Reading through the books of First and Second Samuel in my devotions last month*, I was struck by the theme of the sons of David. David had several wives and at least nineteen sons, but three of those sons particularly stood out in my mind as I was reading.
The theme of “Son of David” is significant, of course, because it is a Messianic title. David wanted to build a Temple in Jerusalem where God would be worshiped. Through the prophet Nathan, God sent a message to David, saying, “You will not build me a house, but I will build you a house.” God went on to say that a Son of David would be chosen to rule an eternal kingdom, and promised, “I will be to him a father, and he shall be to me a son” (II Samuel 7:14). A thousand years later, Jesus of Nazareth was recognized as the promised Son of David, the Son of God destined to rule an eternal kingdom.

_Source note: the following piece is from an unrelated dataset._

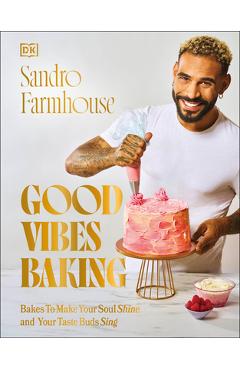 Good Vibes Baking: Bakes to Make Your Soul Shine and Your Taste Buds Sing - Sandro Farmhouse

But David had other sons as well. A son was born as a result of David’s adultery with Bathsheba. Nathan challenged David with a story about a rich man who stole a poor man’s only sheep, and David said, “That man deserves to die!” “You are that man,” Nathan replied, but then he said, “You will not die, but the child will die” (II Samuel 12:13-14).When the child was born and became sick, David wept and pled for the infant’s life, but the baby still died. David ended his mourning after the death of the child. “I shall go to him,” David said, “but he will not return to me” (II Samuel 12:23).
David sinned and deserved to die. David did not die. God was gracious and forgave the sin of David. But the son of David died as a consequence of David’s sin. The son of David was just a baby. He had done nothing wrong. Even so, his death followed David’s sin and, in a way, rescued David from the death he deserved. Later, the Son of David would be born in Bethlehem—David’s hometown—so he also could die in payment for David’s sin. He also was without sin and did not deserve to die. His life was threatened by King Herod when he was very young, but God protected him at that time, sending him to Egypt to escape Herod’s plot.

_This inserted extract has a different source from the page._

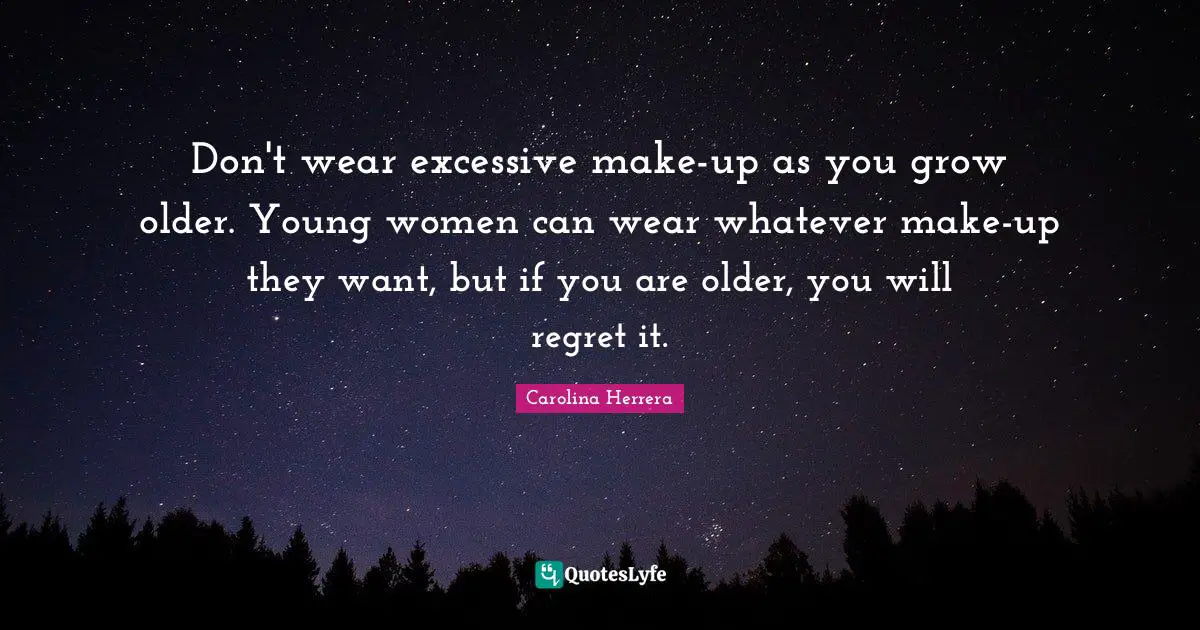 Don't wear excessive make-up as you grow older. Young women can wear whatever make-up they want, but if you are older, you will regret it.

Trouble and strife entered David’s family following his sin. Amnon, the son of David and heir to David’s throne, attempted to seduce his half-sister Tamar and instead raped her. As a result, Tamar’s brother Absalom murdered Amnon when he had the opportunity. Amnon was guilty of sin, of course, but instead of being put on trial, condemned, and sentenced, he was struck down by his own brother and died. Another son of David had died, this time rejected by his own family. Later, the Son of David would also be rejected by his own people, first in Nazareth and later in Jerusalem. The people of Nazareth, who had known Jesus since he was a child, rejected his teaching and tried to throw him off a cliff and stone him to death. At that time, Jesus walked safely through the crowd, because his time to die had not yet come.
Absalom was punished with exile from Jerusalem, but later he was allowed to return. When he returned, he began to plot against his father. He tried to steal the kingdom from his father, and he nearly succeeded. David had to flee Jerusalem, but his faithful soldiers stayed with him. Israel fought a civil war between the forces of David and the forces of Absalom. David begged his soldiers to be gentle with his son, but when the leader of David’s forces found Absalom caught in a tree, he thought that the opportunity for victory was too good to miss. Joab killed the son of David while Absalom was hanging on a tree. David wanted to mourn over the death of his son, but Joab persuaded David to thank the soldiers who had fought for him and to celebrate their victory.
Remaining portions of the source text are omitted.